2005-10-30 - 8:17 p.m.

Are You Talking to Meow?

Treachery at the Tokaido was a lot of fun, merchanting was great, and the A&S Exhibit great.

Got a plate and a pitcher from Eadric, which should go very well with my persona. Yay! (I am trying to concentrate a bit more on persona development. More on that on a different posting.)

At any rate, afterwards Jeff, Marcellus and myself headed for home and stopped at a Cajun restaurant for dinner, and then picked up El Brato, who was helping his Drama group with their Halloween Hounted House.

All in all, a lot of fun.

That night I had the weirdest of dreams. It started with a wedding (it was not clear whether it was mine or someone else's), in which someone was supposed to marry some really bad guy.
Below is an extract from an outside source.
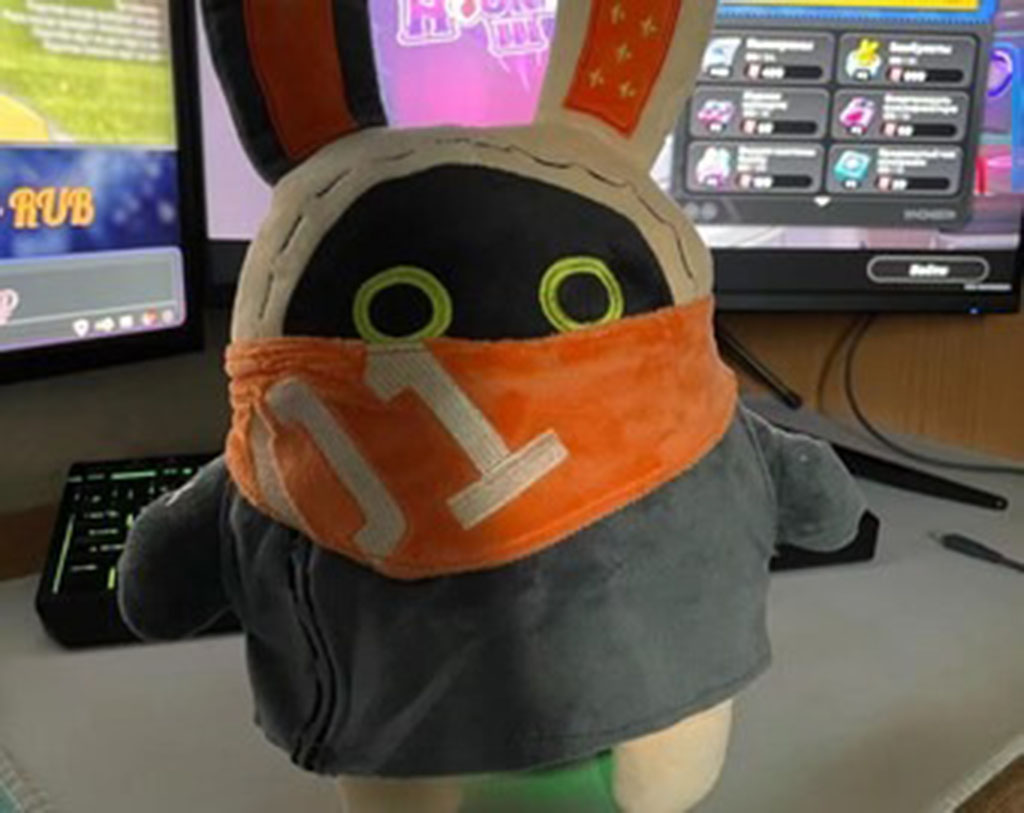 Cute black bunny plush with orange ears and a matching orange scarf printed with the number 01, dressed in a gray hoodie and placed on a desk near computer monitors.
Of course, in my dream a rescue operation was mounted, which somehow involved the cast of Alias Smith and Jones. I am not entirely sure if the rescue was successful or not, as somehow during the chase scene I ended up in a hotel room in London, with Carlos, wondering where Marcellus had gone.

While I am looking for Marcellus, now I find myself at Pennsic, at the Fallen From Grace encampment. Only that nobody knows whose turn is to cook that night and we don't have a schedule. Greta, our Fearless Choremistress, doesn't have a clue and for someone who knows Greta, this is simple unheard of.

I get extremely annoyed and tell everyone that we are going to have to go to the food court and that someone should better be doing a town run if we want to eat tomorrow. But first, I gotta go and visit the underground park that somehow is under the FFG lot. (The Cooper's seemed to have been very generous with us that year.)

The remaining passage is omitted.